The hero simply taunts the antagonist who then surrenders without a fight, allows himself to be tied up, and the heros simply leave.

There is literally no climatic battle between Westley and Humperdink. The turning point, the resolution of the whole plot, is full contained in the line "Drop. Your. Sword."

THAT is brilliant.

All right. I think this blog is plenty long enough. Tomorrow I'll explain why you should be very offended by Christopher Nolan. In the mean time, a small grammar lesson for you.

GRAMMER TIME!

People are frequently confused by grammar rules...which is not surprising at all because for every grammar rule that exists there also exists at least one exception to throw you off. The combination of languages and roots that make up the English language make it particularly incomprehensible and often properly written sentences and words will look completely ridiculous. Generally, the best advice is simply to read whatever you've written out loud. If it sounds off, it probably is. There are, however, fiddly little rules that will always throw you off for the simple reason that nobody ever explained them to you. So here we go, the first of my little grammar lessons.

Possessives and apostrophes constitute some of the most frequent grammar violations. There is actually a fairly simple set of rules when it comes to using an apostrophe to denote possession. The issue is that most have never learned it and even those of us who have get confused because it sometimes looks so silly.

So here we go. A step-by-step process to knowing where to put your apostrophe.

1. Which word should the apostrophe go on? Look at the sentence. The apostrophe belongs on whichever word possesses the object in question, regardless of where it is in the sentence. What object belongs to someone...who does it belong to? The apostrophe goes on the latter.

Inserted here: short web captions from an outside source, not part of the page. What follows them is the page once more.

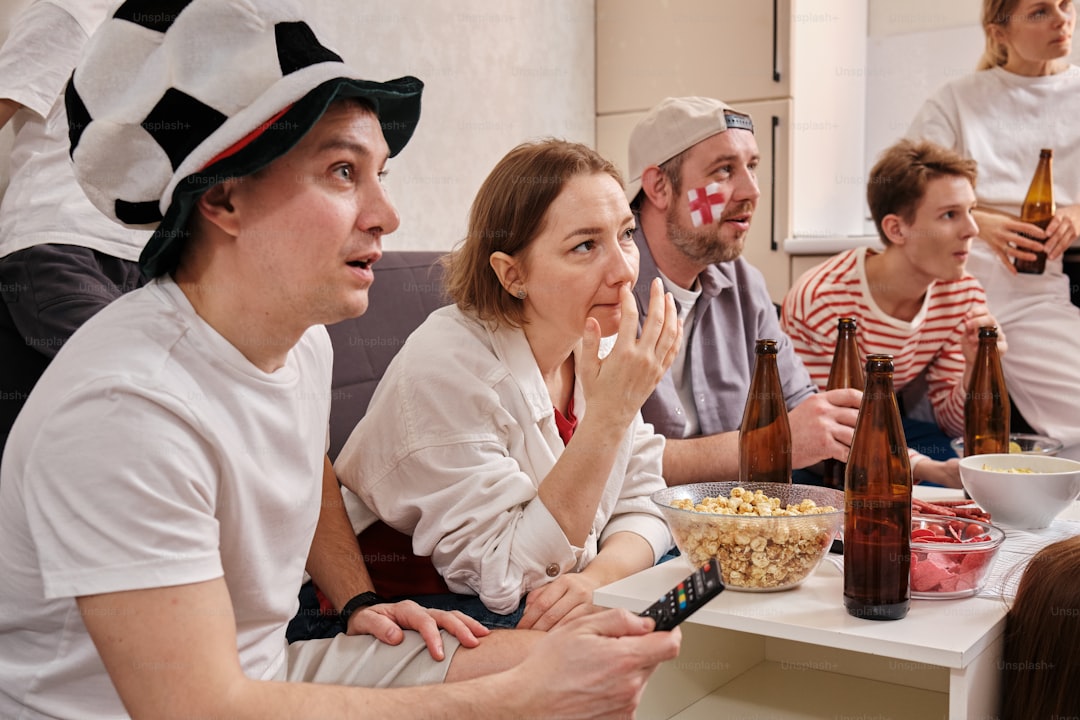 a group of people sitting around a table eating food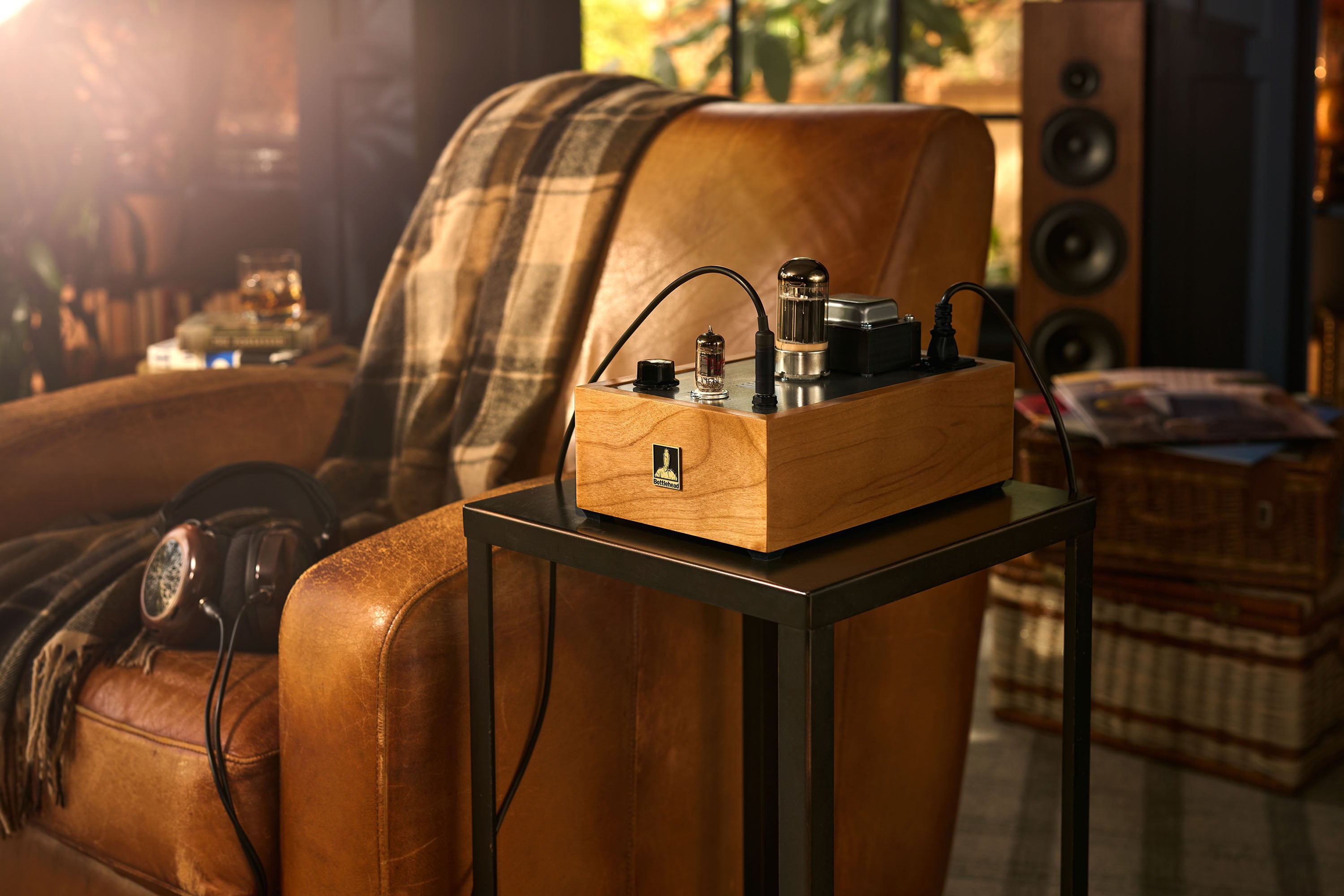Bottlehead Crack headphone amplifier on a side table next to a brown leather armchair in a cozy room.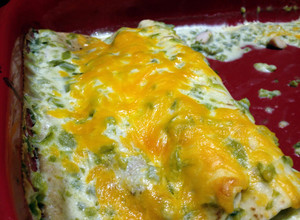 A picture of Chicken Enchiladas with Green Chile Sour Cream Sauce.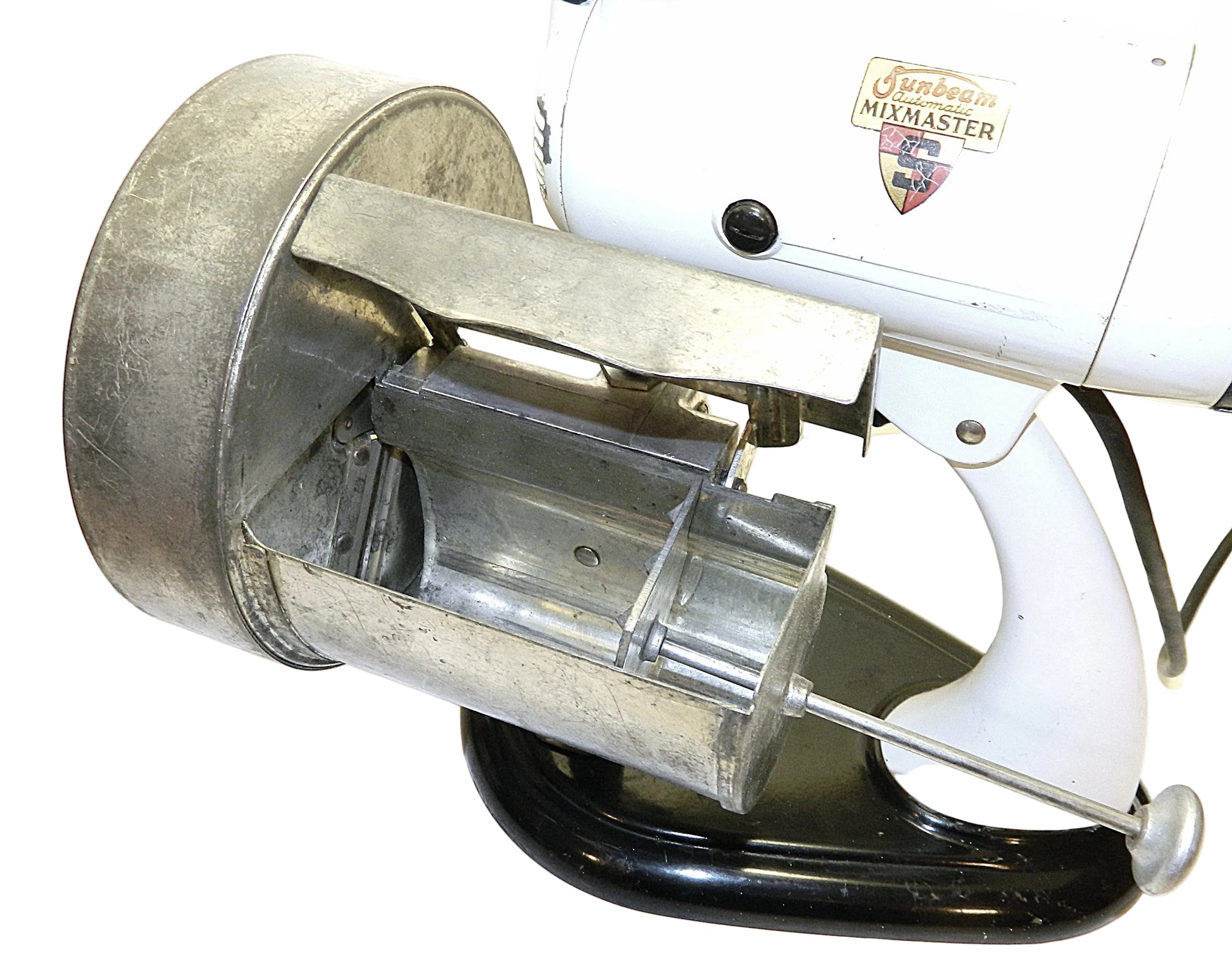 Close-up of a vintage meat slicer with 'Sunbeam Maxmaster' branding on a white background.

2. Is this word plural or singular? If it's singular, regardless of whether it ends in an s or not, it gets an 's. This means that when you are referring to an ABC book belonging to Dr. Seuss, it's still "Dr. Seuss's ABC book" even though the "ss's" looks absurd.

3. If the word is plural and ends in an "s" it gets just the apostrophe. If it's plural and doesn't end in an "s" then it get's the "'s" just like the singular words.

In summation, there are cupcakes belonging to your parents, cupcakes belonging to many people, cupcakes belonging to everyone and cupcakes belonging to the class.

1. The people who possess the cupcakes are "parents", "people", "everyone", and the "class".
2. "everyone" and "class" are singular nouns. (They really are. You can't have multiple "everyones" and there is only one class mentioned, even if there are multiple people in the class. It would only be plural if it was "classes".
3. "parents" and "people" are, however, plurals of "parent" and "person" respectively.

So...Here are the cupcakes: my parents' cupcakes, many people's cupcakes, everyone's cupcakes, and the class's cupcakes.

WATCH OUT FOR:

Never use "'s" when creating a plural. Ever. It looks ridiculous. If I see a cupcake's in the previous sentence, it should be followed by the sprinkles that belong to that cupcake (cupcake's sprinkles) or it should be a contraction of "cupcake is" as in "This cupcake's great!"

Major exception: "its" is the possessive form of "it". "it's" is the contraction of "it is". To borrow from Lemony Snicket: Each boat has its own sail. I imagine this is to avoid confusion between possessive its and contraction it's...but let's be honest: It's much more confusing when "its" is its plural form considering that "it's" actually fits in the rules.